— What you have to do —
A single number is needed: how many lines of the data hold the word "with".

— Material for this task —
▶
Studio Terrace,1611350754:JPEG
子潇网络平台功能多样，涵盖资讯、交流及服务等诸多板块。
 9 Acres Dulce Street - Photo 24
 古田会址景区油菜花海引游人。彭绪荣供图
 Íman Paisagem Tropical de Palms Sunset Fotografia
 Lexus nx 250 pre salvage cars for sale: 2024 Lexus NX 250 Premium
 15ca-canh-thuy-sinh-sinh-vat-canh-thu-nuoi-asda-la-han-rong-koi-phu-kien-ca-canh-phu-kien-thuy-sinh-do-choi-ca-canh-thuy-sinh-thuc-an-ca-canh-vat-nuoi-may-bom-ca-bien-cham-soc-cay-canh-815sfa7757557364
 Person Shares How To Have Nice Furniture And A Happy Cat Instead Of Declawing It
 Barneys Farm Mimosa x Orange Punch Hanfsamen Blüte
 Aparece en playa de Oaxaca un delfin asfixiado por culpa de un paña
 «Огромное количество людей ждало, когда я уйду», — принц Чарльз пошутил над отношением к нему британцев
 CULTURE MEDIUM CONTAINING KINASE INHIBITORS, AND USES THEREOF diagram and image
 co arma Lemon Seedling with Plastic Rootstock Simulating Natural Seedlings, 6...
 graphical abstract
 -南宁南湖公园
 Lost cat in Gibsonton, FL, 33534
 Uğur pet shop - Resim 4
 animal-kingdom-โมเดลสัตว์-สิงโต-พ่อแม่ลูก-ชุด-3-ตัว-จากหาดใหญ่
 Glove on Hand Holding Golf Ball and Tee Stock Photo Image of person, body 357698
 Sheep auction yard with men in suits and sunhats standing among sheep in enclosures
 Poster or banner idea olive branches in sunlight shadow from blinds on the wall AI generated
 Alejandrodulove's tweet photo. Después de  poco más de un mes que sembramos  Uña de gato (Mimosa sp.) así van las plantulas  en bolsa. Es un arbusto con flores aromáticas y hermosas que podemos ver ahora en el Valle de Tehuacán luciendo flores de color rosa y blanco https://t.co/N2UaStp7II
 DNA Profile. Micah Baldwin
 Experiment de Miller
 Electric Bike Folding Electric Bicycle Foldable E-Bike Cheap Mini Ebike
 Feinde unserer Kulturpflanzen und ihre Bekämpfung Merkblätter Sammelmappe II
◀
— Task answer —
2